WHAT IS LAMB KARAHI GOSHT?

Karahi Gosht, either lamb or mutton, or chicken is a Pakistani traditional curry with tomato-based gravy and is made in a narrow-based wok. Pakistani spells it as Kadhai where the letter 'dh' gives the sound of the letter 'R' with the round mouth. [Ka-raa-ee].

LAMB KARAHI WITH OR WITHOUT ONION

Now, for the longest period of time karahi lovers have been debating whether to add onion to Karahi or not. We’ll actually onion is not added to restaurant-style Karahi. But homemade Karahi has very little onion added just to provide a little gravy. Actually, the tomato purée reduces to almost nothing when cooked on high flame. However, adding a small onion holds all the tomatoey goodness and keeps the Mutton or lamb Karahi juicy so while you enjoy some meat you also have some gravy to dip the naan.

BEST MEAT AND CUTS FOR KARACHI GOSHT

Karahi is a very versatile dish and can be made with chicken, mutton, lamb, fish, and prawn. Karahi Gosht is usually made with bone-in cuts because they are high in fat and the juices from bones make the Karahi absolutely finger-licking good. We recommend using lamb leg or shanks for Lam Karahi.

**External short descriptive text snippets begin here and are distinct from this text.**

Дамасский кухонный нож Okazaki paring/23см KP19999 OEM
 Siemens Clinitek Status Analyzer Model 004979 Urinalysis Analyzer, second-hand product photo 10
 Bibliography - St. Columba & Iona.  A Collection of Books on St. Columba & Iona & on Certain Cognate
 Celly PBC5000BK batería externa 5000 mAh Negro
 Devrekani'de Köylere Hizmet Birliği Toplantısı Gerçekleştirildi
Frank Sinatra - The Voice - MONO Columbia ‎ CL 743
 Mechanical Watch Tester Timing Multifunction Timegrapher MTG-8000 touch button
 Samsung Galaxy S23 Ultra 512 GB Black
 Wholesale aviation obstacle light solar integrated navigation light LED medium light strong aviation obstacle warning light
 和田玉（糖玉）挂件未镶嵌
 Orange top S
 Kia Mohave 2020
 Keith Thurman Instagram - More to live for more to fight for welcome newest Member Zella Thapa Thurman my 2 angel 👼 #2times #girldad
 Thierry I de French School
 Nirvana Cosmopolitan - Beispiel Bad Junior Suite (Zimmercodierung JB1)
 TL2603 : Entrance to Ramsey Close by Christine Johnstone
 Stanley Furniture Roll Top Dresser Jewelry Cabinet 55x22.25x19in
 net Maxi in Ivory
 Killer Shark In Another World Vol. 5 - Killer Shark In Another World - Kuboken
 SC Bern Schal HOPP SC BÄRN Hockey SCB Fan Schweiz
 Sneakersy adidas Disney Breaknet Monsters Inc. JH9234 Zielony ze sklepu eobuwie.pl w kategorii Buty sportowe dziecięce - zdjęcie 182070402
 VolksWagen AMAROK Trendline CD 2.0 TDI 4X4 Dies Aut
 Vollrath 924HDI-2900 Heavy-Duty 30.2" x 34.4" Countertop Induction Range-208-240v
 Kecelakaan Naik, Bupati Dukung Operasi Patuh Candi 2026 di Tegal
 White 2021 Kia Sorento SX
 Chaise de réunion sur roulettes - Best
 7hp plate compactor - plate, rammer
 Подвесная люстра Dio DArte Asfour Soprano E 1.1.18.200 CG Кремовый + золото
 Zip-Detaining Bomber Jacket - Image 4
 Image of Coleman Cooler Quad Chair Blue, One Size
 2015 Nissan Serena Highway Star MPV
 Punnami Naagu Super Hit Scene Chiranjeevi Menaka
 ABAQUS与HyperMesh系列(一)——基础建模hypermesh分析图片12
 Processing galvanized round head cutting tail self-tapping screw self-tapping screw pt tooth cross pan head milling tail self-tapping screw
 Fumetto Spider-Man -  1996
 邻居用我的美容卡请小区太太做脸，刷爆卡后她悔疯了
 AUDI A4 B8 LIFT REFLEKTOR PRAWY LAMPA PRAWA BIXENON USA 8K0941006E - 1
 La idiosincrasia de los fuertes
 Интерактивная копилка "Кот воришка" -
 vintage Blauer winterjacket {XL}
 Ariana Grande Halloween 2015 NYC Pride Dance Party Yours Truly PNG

SHOULD YOU COOK LAMB KARAHI IN GHEE OR BUTTER

Ghee is traditionally used in South Asian curries and sweets and is the best fit for it. Lamb Karahi is best cooked in ghee as the aroma of ghee and the way it shines out all flavors is beyond any other fat. Butter is a good option to substitute ghee. I prefer a combination of butter and oil. If you are on a low-cholesterol diet then avoid ghee and butter and use low cholesterol oil instead, it still tastes great with a little compromise on taste.

FRESH SPICE MIX FOR LAMB KARAHI

In this recipe, I’m using a quick spice blend which is very close to the store-bought spice blend. I understand making your own spice blend is an extra hassle. So if you make Karahi often then double or triple this spice blend recipe and store it in the fridge. This makes cooking very.

TOMATO PURÉE OR FRESH TOMATOES

Authentically, roughly chopped onions are added to Lamb Karahi but I have found tomato purée gives you a very smooth texture and a lovely visual appeal plus you don’t have to remove tomato skins while eating.

CAN I FREEZE LAMB KARAHI?

Yes, Karahi freezes very well and comes out just like fresh as everything is cooked and there are no veggies that will melt upon defrosting.

WHAT TO SERVE WITH KARAHI?

Karahi tastes best with Roghni Naan or garlic naan. But other carbs taste great too like roti, chapati, pita bread, and rice. Further, raita and fresh cucumber salad pair best with Lamb Karahi.

HOW TO MAKE LAMB KARAHI?

Karahi is the easiest of all Pakistani curries and you can't go wrong with it.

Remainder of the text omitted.